▶ Assigned task
Reproduce all the entries exactly.

•••••

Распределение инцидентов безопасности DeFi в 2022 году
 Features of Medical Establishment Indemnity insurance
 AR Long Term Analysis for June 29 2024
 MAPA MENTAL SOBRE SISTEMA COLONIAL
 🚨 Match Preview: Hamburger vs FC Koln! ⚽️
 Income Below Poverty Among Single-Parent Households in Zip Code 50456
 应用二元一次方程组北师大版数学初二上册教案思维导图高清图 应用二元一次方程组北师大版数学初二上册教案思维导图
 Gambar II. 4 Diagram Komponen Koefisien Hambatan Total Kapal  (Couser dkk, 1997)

•••••

▶ Answer space
Распределение инцидентов безопасности DeFi в 2022 году
 Features of Medical Establishment Indemnity insurance
 AR Long Term Analysis for June 29 2024
 MAPA MENTAL SOBRE SISTEMA COLONIAL
 🚨 Match Preview: Hamburger vs FC Koln! ⚽️
 Income Below Poverty Among Single-Parent Households in Zip Code 50456
 应用二元一次方程组北师大版数学初二上册教案思维导图高清图 应用二元一次方程组北师大版数学初二上册教案思维导图
 Gambar II. 4 Diagram Komponen Koefisien Hambatan Total Kapal  (Couser dkk, 1997)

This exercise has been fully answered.